Un poco más allá, en el horizonte no muy lejano, se erige la correspondiente iglesia de la zona (San Pietro) que en algún momento fue un emplazamiento estratégico de la antigua Génova. La parte que se puede visitar es muy restringida pues el resto está ocupado pero antes de entrar a la pequeña y algo rústica capilla de pleno medioevo nos topamos con su inmensa puerta. La puerta, con motivos en relieve verdeazulosos, nos hace temer por lo que podremos hallar en su interior. La decoración del portón resulta una mezcla de arte e infierno dantesco, muy propio del gusto decorativo gótico la época.

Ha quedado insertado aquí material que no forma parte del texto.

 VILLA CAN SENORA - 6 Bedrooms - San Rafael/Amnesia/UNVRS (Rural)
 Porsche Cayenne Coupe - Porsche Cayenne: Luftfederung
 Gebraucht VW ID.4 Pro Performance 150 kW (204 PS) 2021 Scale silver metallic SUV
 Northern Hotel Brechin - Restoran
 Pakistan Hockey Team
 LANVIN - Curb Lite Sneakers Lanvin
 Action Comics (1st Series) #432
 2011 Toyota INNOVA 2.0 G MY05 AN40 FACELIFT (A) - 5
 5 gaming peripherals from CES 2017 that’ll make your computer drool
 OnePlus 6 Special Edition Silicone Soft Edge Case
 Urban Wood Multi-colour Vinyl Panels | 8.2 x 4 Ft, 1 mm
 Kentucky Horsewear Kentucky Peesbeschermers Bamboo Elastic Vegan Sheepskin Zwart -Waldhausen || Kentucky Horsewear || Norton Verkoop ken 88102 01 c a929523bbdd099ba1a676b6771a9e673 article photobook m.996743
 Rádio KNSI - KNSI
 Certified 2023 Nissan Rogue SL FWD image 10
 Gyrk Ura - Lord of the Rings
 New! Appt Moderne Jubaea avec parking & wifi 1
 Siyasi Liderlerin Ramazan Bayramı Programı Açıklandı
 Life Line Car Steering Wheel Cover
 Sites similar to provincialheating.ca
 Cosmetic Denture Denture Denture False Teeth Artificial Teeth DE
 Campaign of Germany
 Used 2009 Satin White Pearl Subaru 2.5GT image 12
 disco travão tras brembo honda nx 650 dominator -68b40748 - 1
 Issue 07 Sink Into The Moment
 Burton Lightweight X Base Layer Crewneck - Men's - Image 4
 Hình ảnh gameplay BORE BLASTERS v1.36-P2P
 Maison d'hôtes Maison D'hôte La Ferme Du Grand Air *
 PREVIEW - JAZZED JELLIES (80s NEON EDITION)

No obstante, al entrar observamos una capilla atrayente en su sencillez, que invita a la meditación.
Las personas de la zona dicen que de noche se puede observar una señora vestida de blanco que pasea por la zona; suelen llamarle poéticamente: “la esposa de Portovenere”. Recientemente la historia ha aparecido en Il Corriere Della Sera (un periódico de alcance nacional).
Más allá de la Iglesia se encuentra el pueblo. Una serie de casas muy típicas de la zona, cuyas calles van en permanente subida y zigzageando.
En época de veraneo hallar un espacio donde aparcar en esta ciudad es prácticamente imposible, ya es bastante complicado encontrarlo en invierno pero sin cuestionamientos, es una experiencia digna de ser disfrutada.